Named captures syntax in NodePattern #6724

baweaver · 2019-02-03T07:27:19Z

Describe the solution you'd like

Currently captures are returned in an Array in the order that they're processed walking the tree.

As this syntax feels loosely based on Regex, a named capture would potentially be within the realm of features such a language could express:

def parse(s)
  RuboCop::ProcessedSource.new(s, RUBY_VERSION.to_f)
end

def pattern(s)
  NodePattern.new(s)
end

pattern('(send $<a>(...) :+ $<b>(...))').match(parse('1 + 2').ast)
# => { a: 1, b: 2 }

I believe this would add to the expressiveness of the language, and make code-rewriting based on the results of a captured match easier to work with.

Psuedo-Implementation

I'd made a quick pass at implementation of this, not working with the actual source:

require 'rubocop'

class MetaNodePattern
  def initialize(string)
    @capture_tags = []

    ast_string = string.gsub(/\$<(.+?)>/) do |m|
      @capture_tags << m[2..-2].to_sym
      '$'
    end

    @pattern = RuboCop::NodePattern.new(ast_string)
  end

  def match(node)
    matches = @pattern.match(node)
    return unless matches

    @capture_tags.empty? ? matches : @capture_tags.zip(matches).to_h
  end
end

def parse(s)
  RuboCop::ProcessedSource.new(s, RUBY_VERSION.to_f)
end

def mp(s)
  MetaNodePattern.new(s)
end

meta_match = '(send $<a>(...) :+ $<b>(...))'
ast = parse('1 + 2').ast

p mp(meta_match).match(ast)
# => {:a=>s(:int, 1), :b=>s(:int, 2)}

I'd looked at the source defining the capture, but I'd have to read over it a few more times to really get a grip on how it'd be implemented.

Additional context

This idea is heavily inspired by named captures in Regex ( /(?<name>.+)/ ), and that idea has helped make more complicated Regex queries more expressive through giving names to various sections of captured content.

Potential Issues

Granted changing the syntax comes with a few potential issues.

Forked Return Types

By introducing this it would effectively fork the return from being solely {nil, Array[Node]} to {nil, Array[Node], Hash[Symbol, Node]} depending on the string inputted.

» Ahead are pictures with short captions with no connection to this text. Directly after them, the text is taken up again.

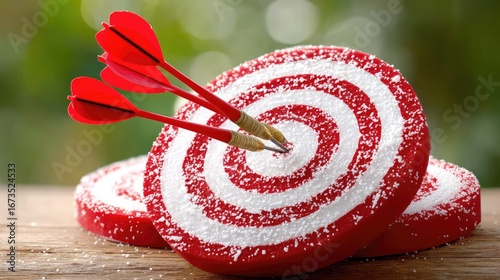 Darts hitting a red and white target in a blurred outdoor setting during a sunny day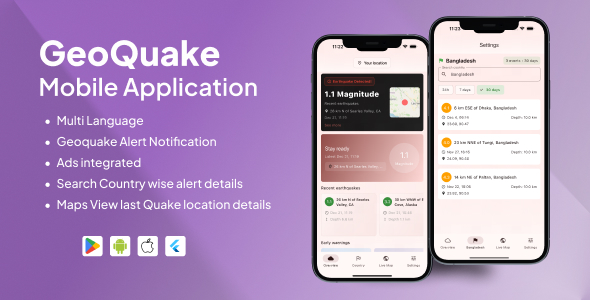 GeoQuake Alert Flutter application with Admob integration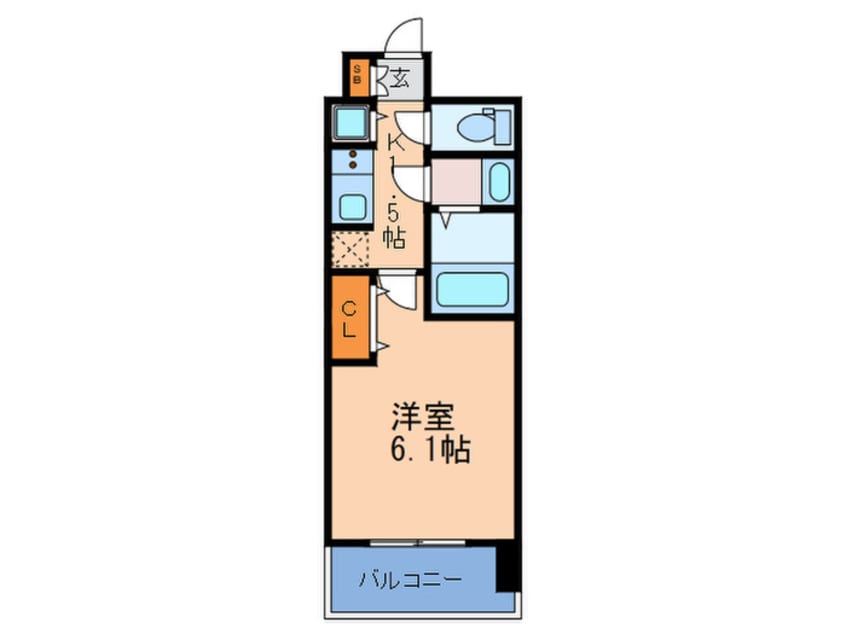 間取図 ﾌﾟﾚｻﾝｽ梅田北ｻﾞ･ﾗｲﾌﾞ(608)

As it would be an additive type it should not affect current matches, mitigating some of the risk.

Mixed Captures

The first potential is dealing with a mix of named and unnamed captures:

mp '(send $<a>(...) :+ $(...))'

In this case I'd consider raising an exception, but don't have a good idea of how to best deal with it at the moment.

Other Issues

There are some minor other issues, but those are mostly due to the nature of hashes involving duplicate keys and validating the syntax, which is done for other constructs as is.

Thoughts?

I'd be curious to get people's thoughts on this. I believe that named captures would make the NodePattern language more expressive, and be a substantial win when dealing with cop clarity, especially around autocorrect code.

Thanks for reading!

The text was updated successfully, but these errors were encountered:

Drenmi · 2019-02-04T00:51:47Z

Hi, @baweaver!

Firstly, thank you for taking the time to think this through. The suggestion is clear and well worded. 🙇

I believe this would add to the expressiveness of the language, and make code-rewriting based on the results of a captured match easier to work with.

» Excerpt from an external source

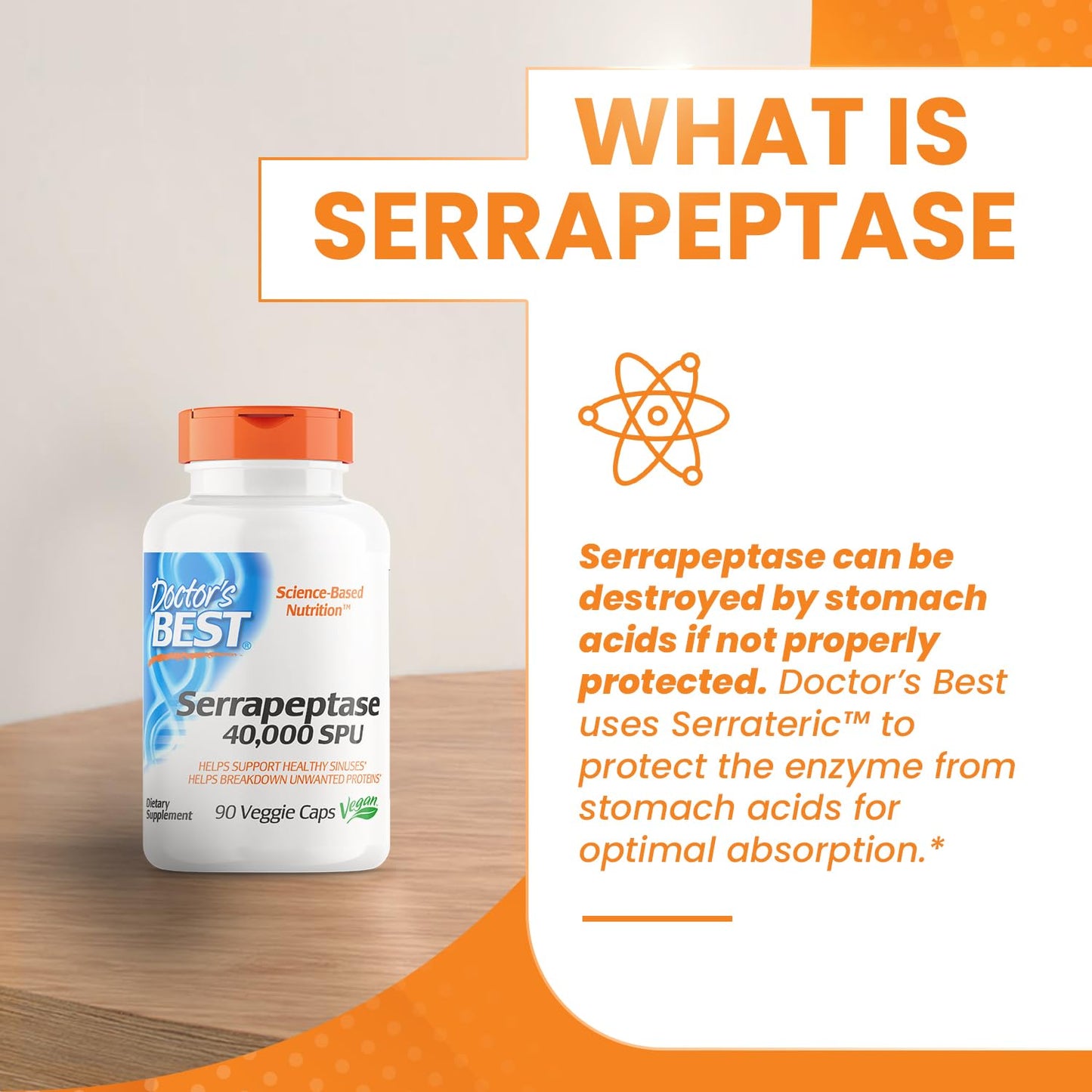 40,000 SPU Serrapeptase Capsules for Sinus Health - Non-GMO Vegan Supplement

The benefit would be limited to the expression itself (since the result will either commonly be destructured or yielded to named variables), but there it could add a great deal of clarity.

The first potential is dealing with a mix of named and unnamed captures [...] In this case I'd consider raising an exception, but don't have a good idea of how to best deal with it at the moment.

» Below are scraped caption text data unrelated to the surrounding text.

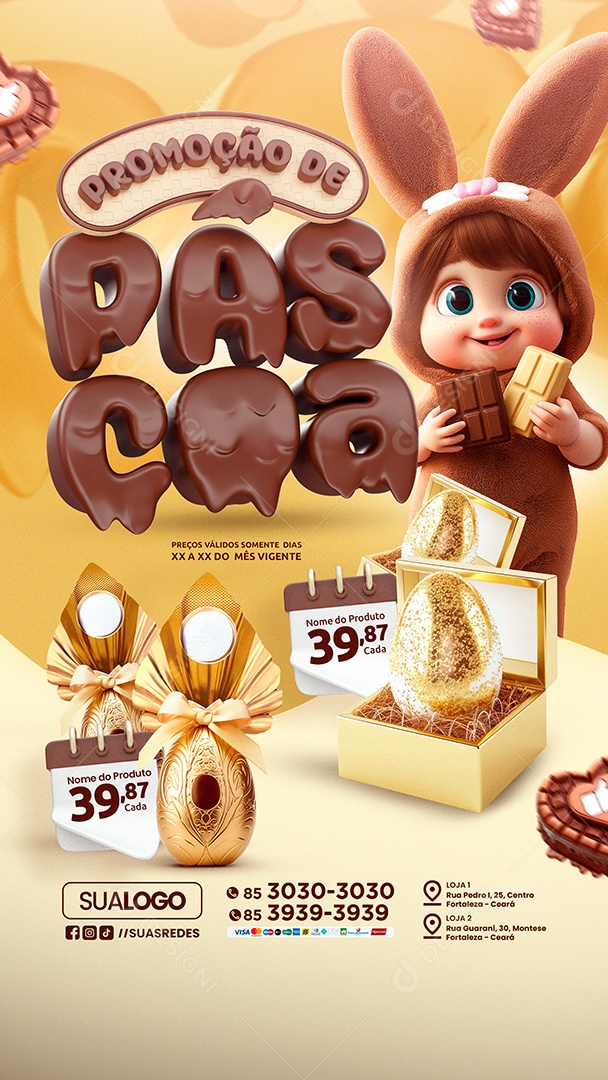 Story Tabloide Promoção de Páscoa Ovo de Páscoa Social Media PSD Editável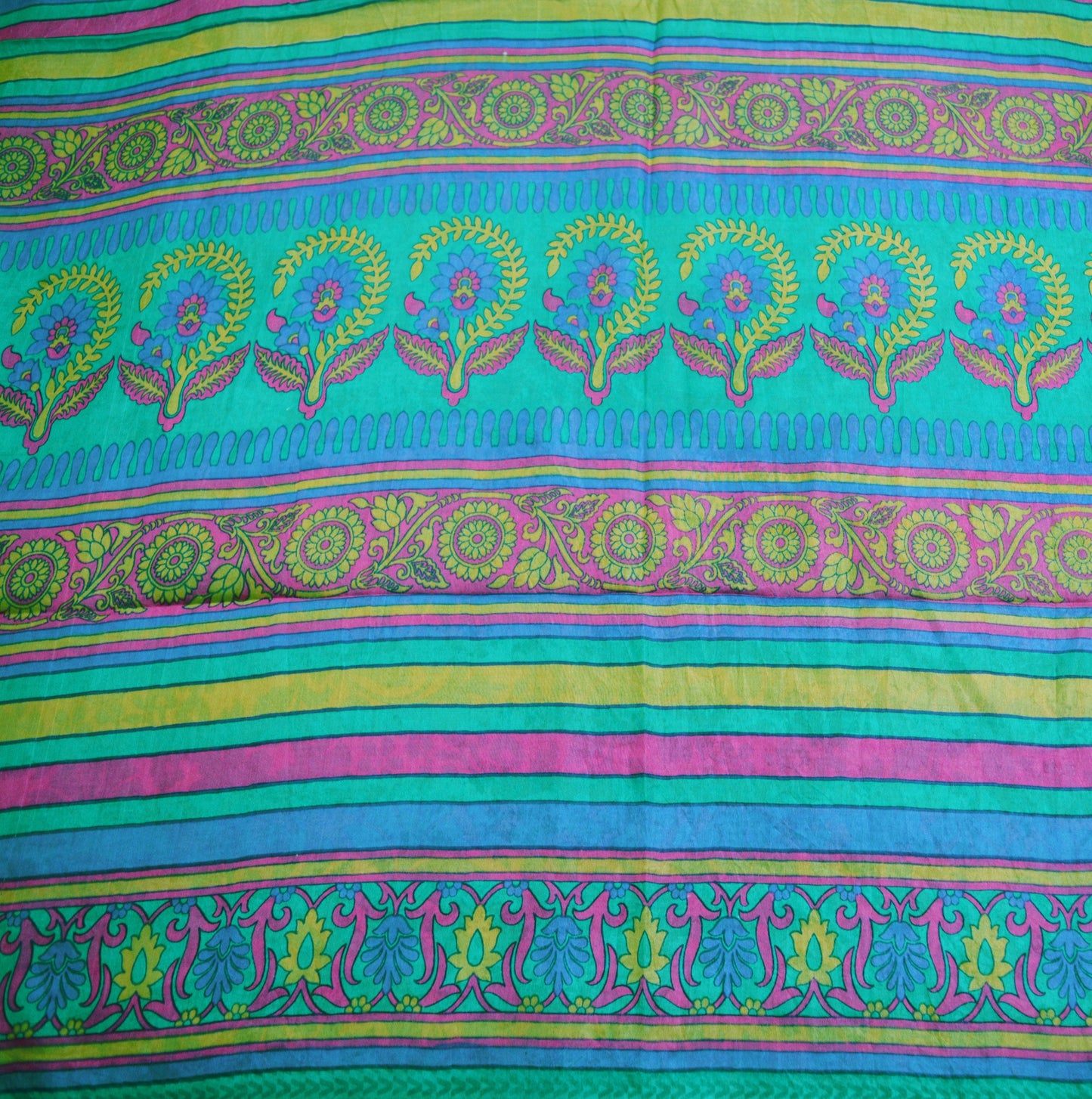 Indian Vintage Sari Green Pure Silk Printed Saree Fabric 5yd Sewing Craft DressMaking Soft Floral Design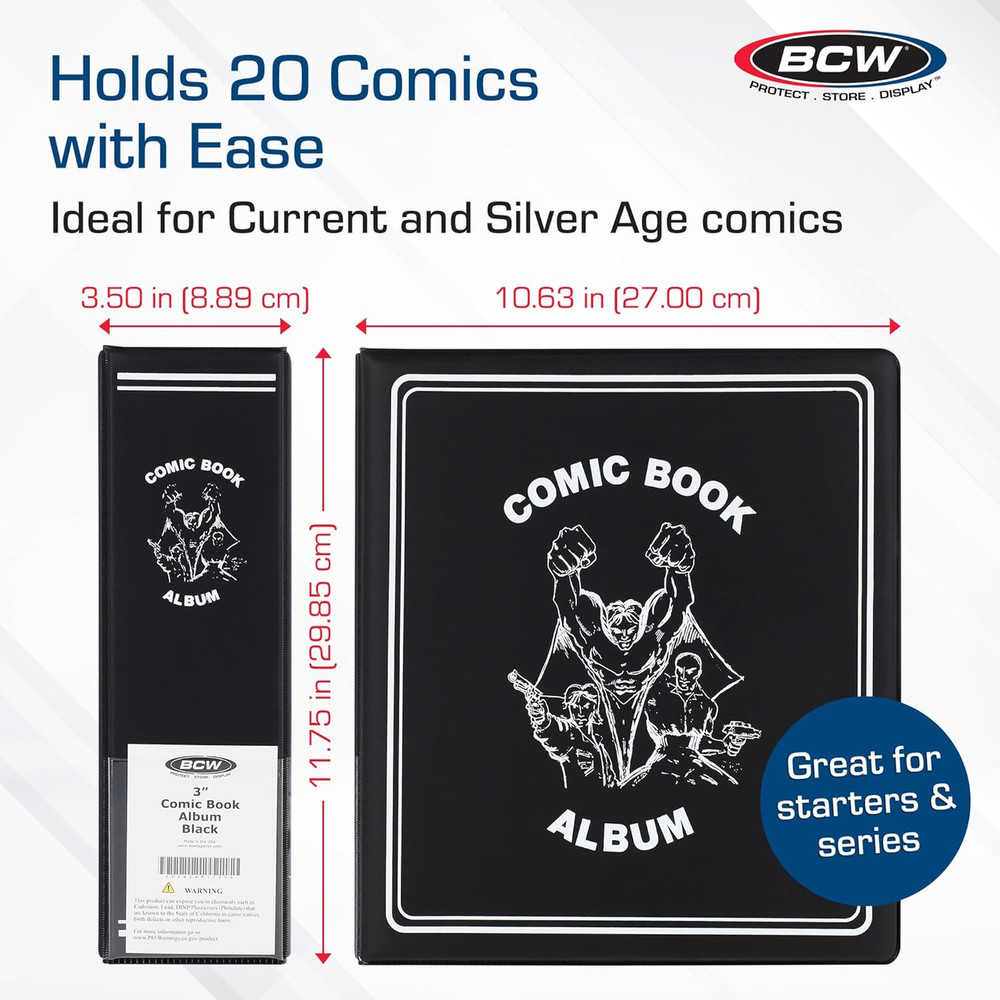 3In Comic Book Binder | Fits Current & Silver Age Comic Pages | Heavy Duty D-Rin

Yes. I agree. Either all unnamed, or all named. 🙂

There are some minor other issues, but those are mostly due to the nature of hashes involving duplicate keys and validating the syntax, which is done for other constructs as is.

These are good considerations to make. Another one is that node matchers can yield to a block, e.g.:

my_matcher(node) do |capture|
  ...
end

but I think in the case of the extended syntax, the matcher could yield keyword arguments. WDYT?

I'd be curious to get people's thoughts on this.

I think it is a great suggestion! Would you be interested in working on this? 🙂

baweaver · 2019-02-04T01:13:45Z

These are good considerations to make. Another one is that node matchers can yield to a block [...]

I think in the case of the extended syntax, the matcher could yield keyword arguments. WDYT?

I've done similar things when destructuring hashes, and it makes for some nice syntax, especially considering you know exactly what keys are going to be present preventing any of the usual issues with key presence mismatches versus hashes:

node = parse '1 + 2'

NodePattern
  .new('(send $<a>(...) :+ $<b>(...))')
  .match(node) do |a:, b:|
    # a is 1, b is 2
  end

The benefit would be limited to the expression itself (since the result will either commonly be destructured or yielded to named variables), but there it could add a great deal of clarity.

One thing that I'd noticed for autocorrect is that if you want to extract the values you'd have to run the matcher twice to do so. Not sure if that's correct or not, but if this is circumvented it may be really useful.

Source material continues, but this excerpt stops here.